_WHAT IS EXPECTED_. All of the listing must be given again exactly, except that the images are dropped.
____ PROVIDED MATERIAL
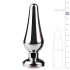 Easytoys Metal No.11 - análny plug s ružovým kameňom - strieborný (3,5 cm)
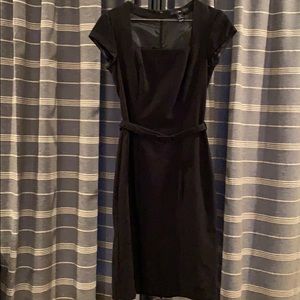 Black Square Neck Sheath Dress with Belt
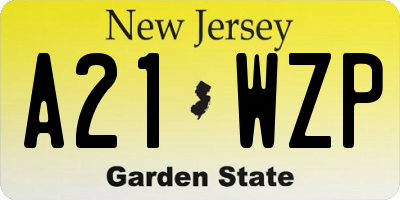 NJ license plate A21WZP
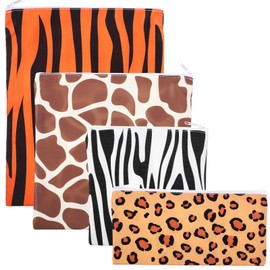 Paterr 4 Pcs Sandwich Bag Reusable Zipper Snack Bags Washable Food Safe Lunch Bags for Kids Students Adults Food (Animal)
________
_SOLUTION FOR THIS PROBLEM_.
 Easytoys Metal No.11 - análny plug s ružovým kameňom - strieborný (3,5 cm)
 Black Square Neck Sheath Dress with Belt
 NJ license plate A21WZP
 Paterr 4 Pcs Sandwich Bag Reusable Zipper Snack Bags Washable Food Safe Lunch Bags for Kids Students Adults Food (Animal)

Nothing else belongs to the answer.